These engineered features are used directly in the modeling pipeline (Part 5) and help explain several patterns observed in our results—such as clusters dominated by acoustic singer-songwriters, high-energy rock bands, or speech-heavy spoken-word tracks.





## Topic 2: Entity Linking / External Model Integration  
[Hyperlink](
  https://colab.research.google.com/drive/1DdtT9NmdUAO-zXHJ9C5HkocWQOC8MWhv#scrollTo=ZM-SoQ0PBrsP)
### **Why we used this concept**
Track titles contain rich implicit information about genre, mood, theme, and stylistic intent—yet this meaning is not available in numerical form within the raw dataset. To meaningfully incorporate this semantic signal, we needed a method to **link each Spotify record to external knowledge** that captures linguistic and contextual patterns learned from large text corpora.

Record linking via pretrained language models allows us to enrich the dataset with **semantic embeddings** that encode:
- emotional tone  
- genre-specific keywords  
- cultural or thematic associations  
- stylistic similarities between tracks  

Integrating this external semantic representation provides information not captured by audio features alone and strengthens downstream clustering and modeling tasks.

### **How we implemented it**
We applied a transformer-based encoding pipeline using the pretrained `all-MiniLM-L6-v2` model from the Sentence-Transformers library. The process involved:

1. **Tokenizing track titles** into model-ready sequences  
2. **Encoding titles using the transformer**, leveraging either GPU or CPU depending on availability  
3. **Applying mean pooling** to obtain a single dense vector per track  
4. **Batch processing** to ensure efficiency  
5. **Appending the resulting embeddings** (384-dimensional vectors) back into the dataset as new semantic features  

The transformer acts as an *external knowledge source*, effectively linking each track to a position in a semantic space learned from millions of documents.

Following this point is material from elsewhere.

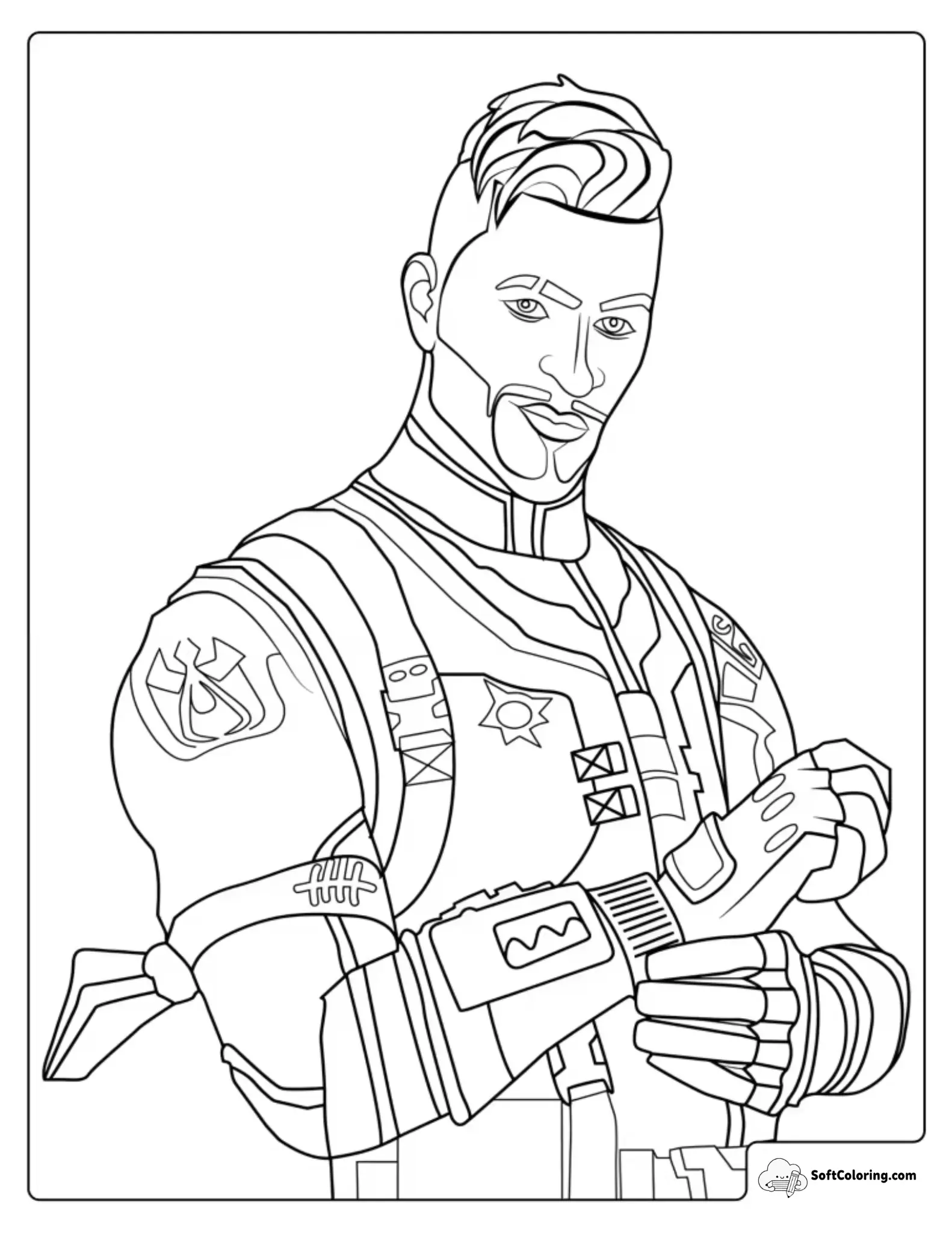 Hector From Fortnite Coloring Page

### **Results & Interpretation**
- These embeddings captured song-level meaning far better than raw text, enabling the model to differentiate between thematic categories such as:
  - reflective singer-songwriter ballads  
  - high-energy party songs  
  - orchestral or classical works  
  - country tracks with genre-specific vocabulary  
- The enriched dataset allowed clusters to form along **semantic as well as acoustic axes**, leading to more coherent genre-like groupings.
- The external model integration improved interpretability by revealing connections between text-derived and audio-derived patterns.

Overall, this record linking step added a powerful second modality to our dataset, enabling the project to use textual semantics alongside audio structure to produce deeper insights and better model performance.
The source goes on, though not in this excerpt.